Dans les collections ethnographiques d'
Albert Kahn, une formidable enquête autour de ce que peut signifier la saisie de la foudre sur une plaque photographique.
Sur le blog Charybde 27 : https://charybde2.wordpress.com/2024/04/13/note-de-lecture-foudres-fanny-taillandier/
Fléchette est une collection conçue par
Céline Pévrier et
Adrien Genoudet aux éditions sun/sun, éditions à qui l'on devait déjà bien des textes étonnants (que l'on songe par exemple aux brefs, denses et flamboyants «
Il paraît que nous sommes en guerre » de
Pierre Terzian, «
Et seuls les chiens répondent à ta voix » de
Tarik Noui, et « le noir dedans » de Thomas Vinau, ou bien au plus ample mais tout aussi décapant «
le dernier cri », de
Pierre Terzian à nouveau).
Fléchette, en étroite association avec les Archives de la Planète, entreprise de documentation visuelle conduite par le mécène passionné
Albert Kahn entre 1909 et 1931, propose à une sélection d'autrices et d'auteurs de s'emparer d'une seule parmi les quelque 72 000 images autochromes du fonds conservé à Boulogne-Billancourt, dans la maison même du banquier, devenue musée départemental, et d'imaginer à partir de cette image un texte d'une petite cinquantaine de pages, à leur entière discrétion quant au registre à choisir, essai, document, poème ou nouvelle. Comme
Philippe Artières,
Hélène Gaudy et
Marie-Hélène Lafon, et avant
Amélie Lucas-Gary en 2023,
Fanny Taillandier s'est vu proposer l'exercice en 2022, pour publication en novembre de la même année.
Là où
Amélie Lucas-Gary, un an après, choisira de questionner discrètement la neutralité de la vaste conquête ethnographique par l'image installée au coeur du grand projet d'archivage du monde conduit par
Albert Kahn,
Fanny Taillandier mène son investigation du côté d'un autre point aveugle possible, double en réalité : l'opérateur derrière l'image et la sidération face au non-dit de l'autochrome.

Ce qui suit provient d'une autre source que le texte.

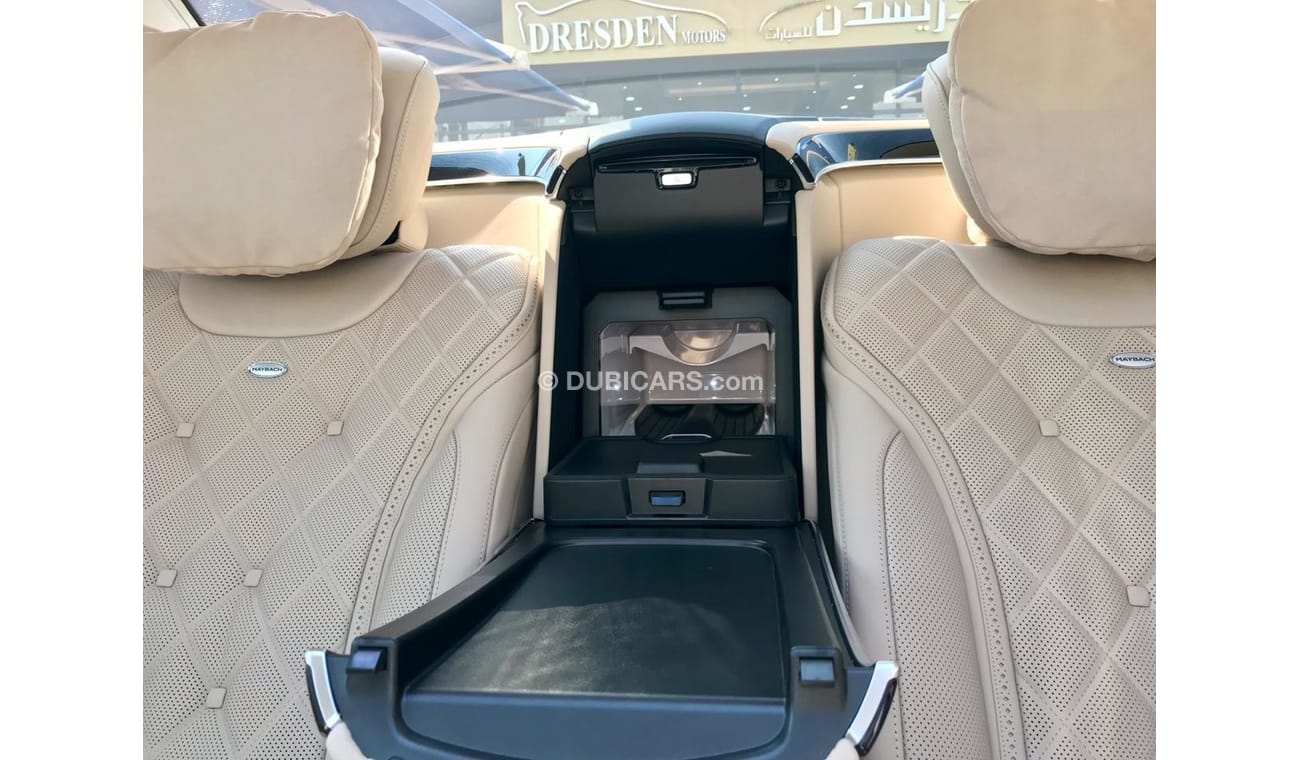 Mercedes-Benz S 560 MAYBACH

En résonance précise – mais celée – avec les paralysies induites par l'événement hors normes (son «
Par les écrans du monde » de 2018, autour d'un certain 11 septembre 2001) ou simplement gravement incongru (son «
Farouches » de 2021, avec ses intrusions de sangliers au coeur faussement paisible d'une Ligurie future), il semblait logique, de plus d'une manière, que le choix de son angle d'entrée dans l'impensable collection d'images se porte sur la foudre – ou plutôt, en effet, sur les foudres (on pourra aussi songer au détour pratiqué par
Pierre Demarty du côté de Pline le Jeune et de Pline l'Ancien dans son «
Manhattan Volcano » de 2013).
C'est en s'attachant pas à pas à la biographie de Frédéric Gadmer, « le plus prolifique de tous les opérateurs d'
Albert Kahn », que
Fanny Taillandier, maniant une douce ironie glacée que l'on avait déjà rencontrée dans son « Les États et Empires du lotissement Grand Siècle » de 2016 (et qui tangente ici l'une des marques de fabrique du grand Éric Vuillard) – celle qui sous-tend aussi sa magnifique lecture faussement purement factuelle du «
Delta » du Rhône -, nous permet de saisir ce que la foudre, une fois saisie sur la plaque, implique : traquée parmi
les paysages redevenus presque bucoliques du théâtre de la grande boucherie de 1914-1918, elle s'échappe – et ne peut trouver la paix, avec son ravisseur argentique, que dans le ciel colonial des collines béninoises, si loin des tranchées, ciel néanmoins habité d'un autre sanglot.
L'exercice proposé par la collection Fléchette, si contraignant et déroutant de prime abord, ouvre ici une formidable piste d'investigation, entre l'intime et le politique, entre l'historique et l'anthropologique, piste que
Fanny Taillandier fait magnifiquement fructifier sous nos yeux légèrement ébahis.